Tart Cherry Fondant Creams


Total Time: 24 hours
Prep: 23 hours
Cook: 1 hour
Yield: 40 candies
Level: Intermediate


  • 1/4 cup unsalted butter, softened
  • 3 tablespoons corn syrup
  • Pinch of salt
  • 3 to 4 cups powdered sugar, or as needed
  • 2 tablespoons tart cherry puree (from about 1/4 cup fresh or frozen Montmorency tart cherries*)
  • 1/2 teaspoon vanilla extract
  • 2 drops red food coloring (optional)
  • 1 pound finely chopped semisweet chocolate or chocolate candy coating, for dipping


In a large mixing bowl or the bowl of a stand mixer, beat butter, corn syrup, and salt until smooth. Add 2 cups of powdered sugar, 1/2 cup at a time, mixing well until incorporated.

Add 2 tablespoons cherry puree and mix well, scraping down the sides of the bowl to be sure no white filling remains. Mix in vanilla and food coloring, if desired (note that while the food coloring is optional, your filling will be more of a pale mauve without it).

Add remaining powdered sugar, 1/2 cup at a time, until filling is thick and pastelike. Depending on the temperature/weather/alignment of the planets, you may only need 3 cups of powdered sugar, or up to 4. Less sugar will result in a softer filling; more sugar will be easier to dip but also quite a bit sweeter, so use your judgement to find a balance.

Dump filling out onto a piece of plastic wrap and shape into a 1-inch thick disk. Wrap tightly in two layers of plastic wrap and refrigerate for 2 to 4 hours.

Unwrap filling and lightly dust with powdered sugar. Sandwich between two layers of plastic wrap and roll into a 1/2-inch thick sheet, flipping over part way through the process and dusting with more powdered sugar as needed so filling doesn’t stick too much.

Cut out 1 1/2-inch rounds using a cookie cutter and arrange on two parchment-lined baking sheets. Alternatively, instead of rolling/cutting the candy centers, you can also simply roll into 1-inch balls, or even press into silicone candy molds for fancier shapes.

Chill shaped filling for at least 4 hours or overnight if possible. If it is really warm in your kitchen you may even want to pop them in the freezer for 15 minutes just prior to dipping.

Melt your chocolate or chocolate candy coating. If using straight chocolate, try to melt this very gently. I love my little chocolate melter, but you can also use a double boiler or the microwave, heating your chocolate in short bursts at half power. If you can melt the chocolate without allowing the temperature to exceed 88 degrees F, it should hold its temper and produce a nice shiny, snappy shell. Otherwise, your candies will need to be refrigerated for the chocolate to stay set.

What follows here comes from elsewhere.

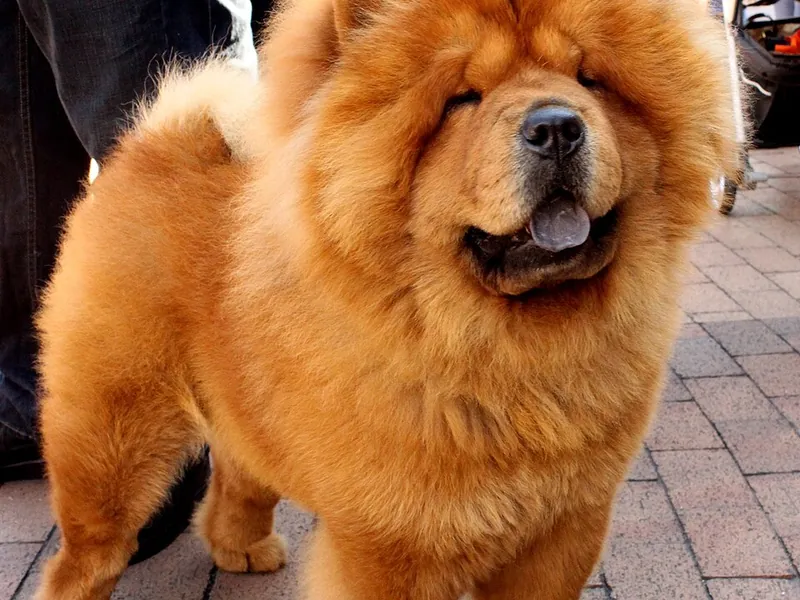 Chow Chow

Remove half of the candy centers from the fridge/freezer. Using a fork or dipping tool, dip each center in the melted chocolate until fully coated (try not to let it sit too long in the warm chocolate or it will start to soften). Tap off excess chocolate, then transfer to a new parchment-lined baking sheet, using a toothpick if necessary to help remove the candy from the fork. Repeat with remaining candy centers, keeping centers chilled until you are ready to work with them.

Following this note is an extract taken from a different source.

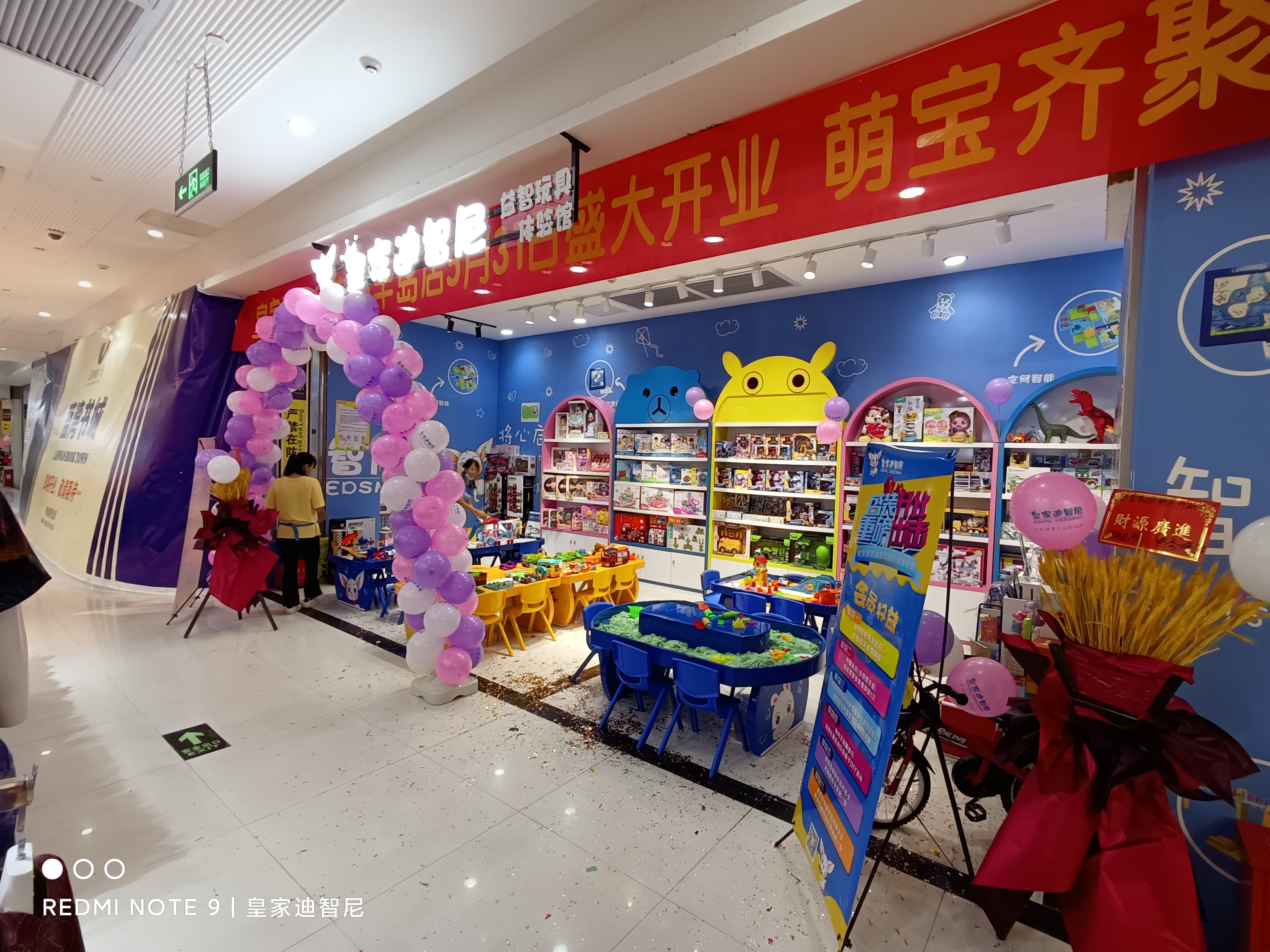 益智玩具加盟为什么选择皇家迪智尼?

Refrigerate dipped chocolates for 10 to 15 minutes or until set. If you have leftover chocolate, feel free to transfer it to a squeeze bottle or piping bag and pipe squiggles on top of your candies for a decorative touch.

Candies will keep in an airtight container (refrigerated if it’s too warm or your chocolate isn’t properly tempered) for up to 1 week.